The Miller-Rabin algorithm is a non-deterministic test for compositeness; i.e. if Miller-Rabin fails on a number $n$ then we say that $n$ is a probable prime. While non-deterministic, the probablity of failure is given by $4^{-k}$ where $k$ is the number of rounds of Miller-Rabin done, which means the failure probablity approaches zero very quickly.

There are Carmichael numbers that are strongly pseudoprime to a multitude of bases, but the occurrence of such numbers are extremely rare.

Theorem 16.1

Let $p$ be an odd prime and let $r = p - 1$. Let $k, q$ be values that satisfy $r = 2^k \cdot q$, and let $a$ be any integer not divisible by $p$.

Then, one of the following conditions are true

• $a^q \equiv_p 1$.
• One of $a^q, a^{2q}, a^{4q}, \dots, a^{2^{k-1}q}$ is congruent to $-1$ modulo $p$.

We know that $a^{p-1} \equiv 1 \pmod{p}$ by Fermat’s. Hence, $a^{2^{k-1}q} \equiv \pm 1$. If this value is $1$, then $a^{2^{k-2}q}$ is also and so on. If $a^{2^lq} \equiv_p 1$ holds for all non-negative $l$ strictly less than $k$, then the first statement holds. Otherwise, there must exist an $l$ such that the second statement holds.

Miller-Rabin Test

Suppose we want to factor an odd composite integer $n$.
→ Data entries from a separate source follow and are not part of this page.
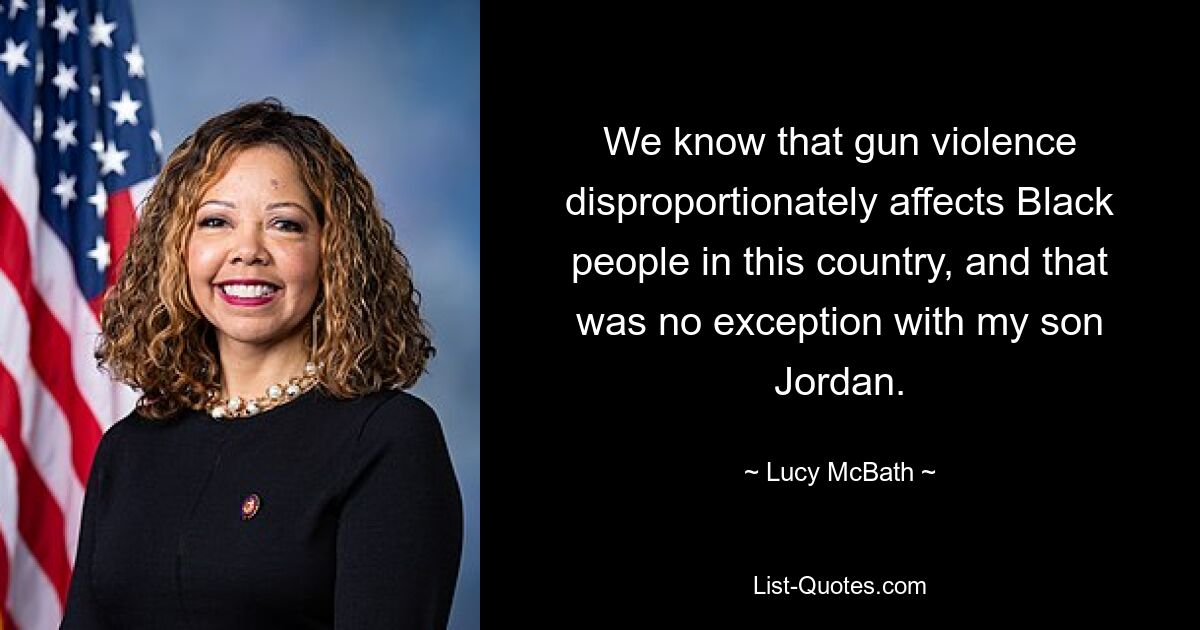 We know that gun violence disproportionately affects Black people in this country, and that was no exception with my son Jordan. — © Lucy McBath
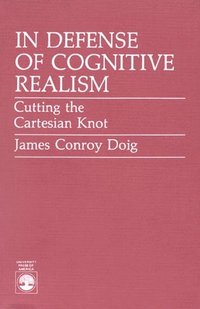 bokomslag In Defense of Cognitive Realism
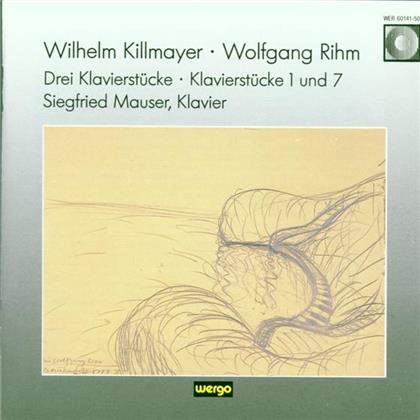 Siegfried Mauser & Killmayer / Rihm - Klavierstücke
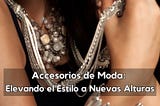 Accesorios de Moda: Elevando el Estilo a Nuevas Alturas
1. Find $k, q$ with $q$ odd such that $p - 1 = 2^k \cdot q$.
2. Choose a random integer $a$.
3. Compute $a^q \pmod{p}$. If $a^{q} \equiv_p \pm 1$, stop. The test fails, $n$ is a probable prime to $a$.
4. Let $a^q \rightarrowtail a^{2q} \pmod{p}$.
• If the value is $1$, stop. $a$ is a witness to the compositeness of $n$.
• If the value is $-1$, stop. $n$ is a probable prime to base $a$.
5. Repeat step 4 until $a^{2^{k-q}q}$.
6. If the test has not terminated by this point, then $p$ is composite.